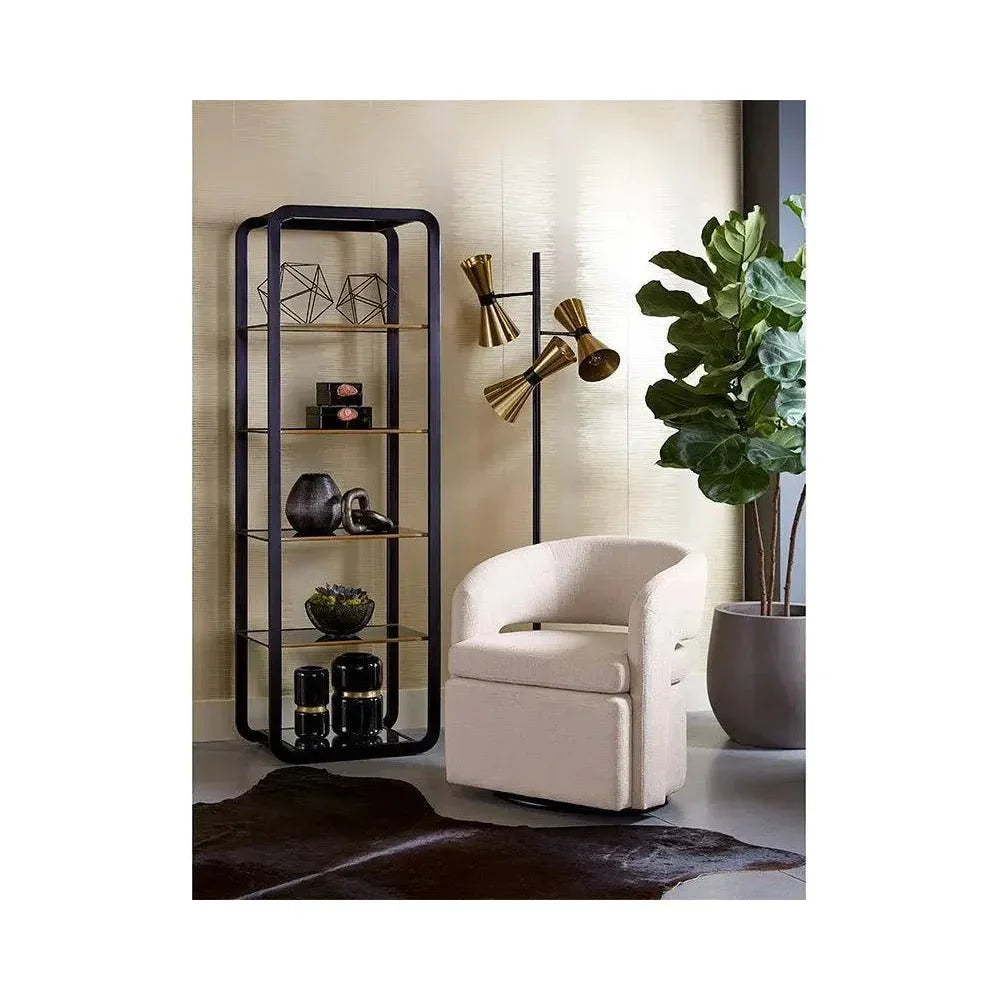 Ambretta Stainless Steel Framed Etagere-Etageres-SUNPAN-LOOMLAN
==
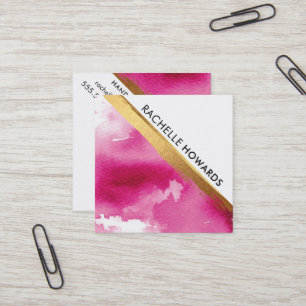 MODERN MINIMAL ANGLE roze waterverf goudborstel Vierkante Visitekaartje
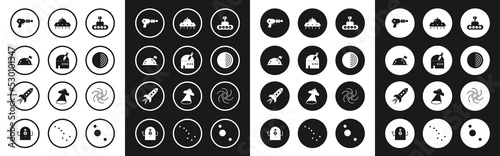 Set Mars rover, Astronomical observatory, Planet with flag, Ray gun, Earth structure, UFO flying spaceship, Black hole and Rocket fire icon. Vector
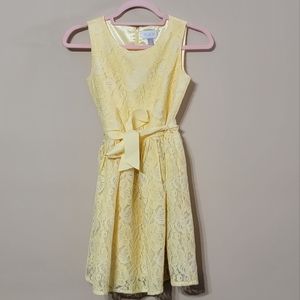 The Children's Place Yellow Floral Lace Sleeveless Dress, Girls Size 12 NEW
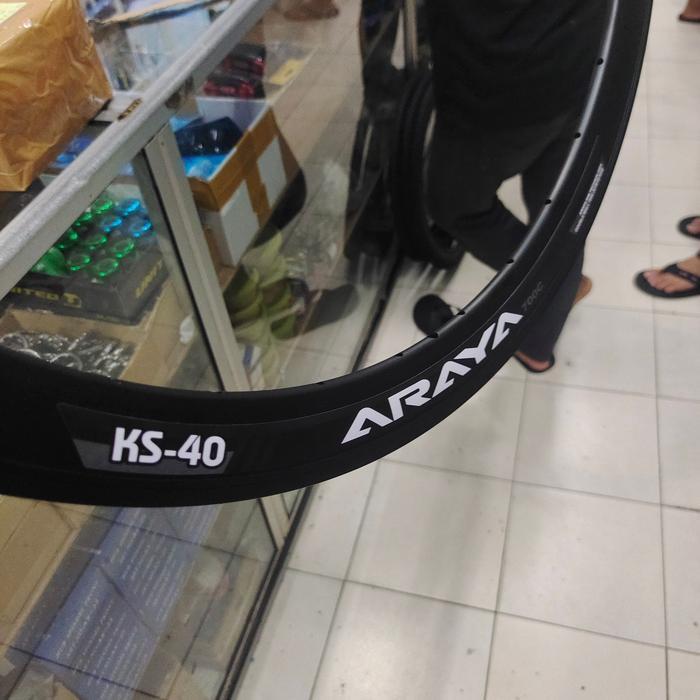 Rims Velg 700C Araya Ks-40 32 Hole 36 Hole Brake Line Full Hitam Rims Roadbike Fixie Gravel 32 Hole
---
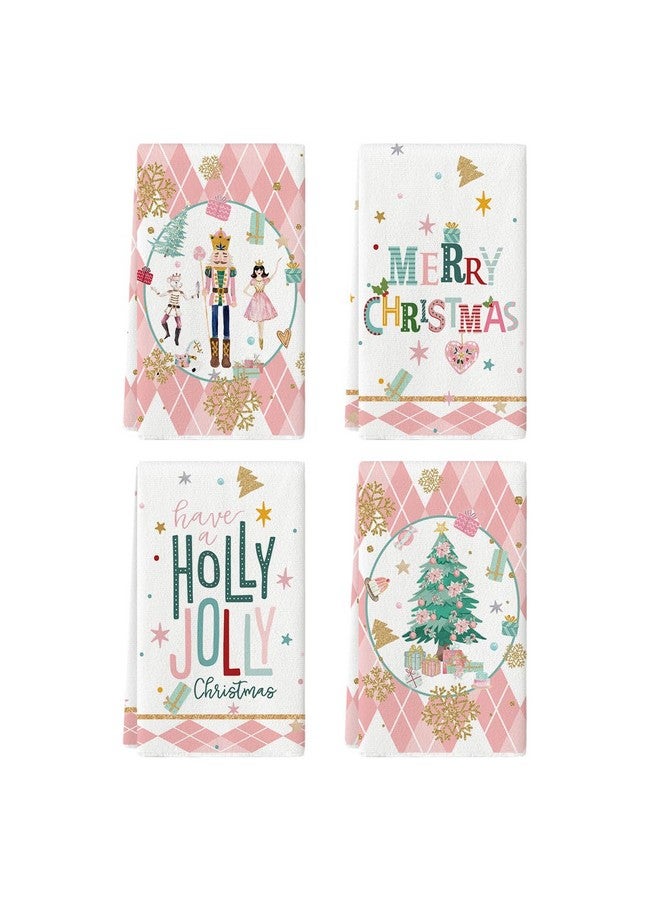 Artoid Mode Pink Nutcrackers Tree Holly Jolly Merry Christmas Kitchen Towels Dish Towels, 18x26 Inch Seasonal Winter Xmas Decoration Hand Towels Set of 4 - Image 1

The problem
Skip every picture, and restate word for word only the lines above from the line containing "Set Mars rover, Astronomical" to the line containing "Rims Velg 700C", both of them included.

Solution to this task
 Set Mars rover, Astronomical observatory, Planet with flag, Ray gun, Earth structure, UFO flying spaceship, Black hole and Rocket fire icon. Vector
 The Children's Place Yellow Floral Lace Sleeveless Dress, Girls Size 12 NEW
 Rims Velg 700C Araya Ks-40 32 Hole 36 Hole Brake Line Full Hitam Rims Roadbike Fixie Gravel 32 Hole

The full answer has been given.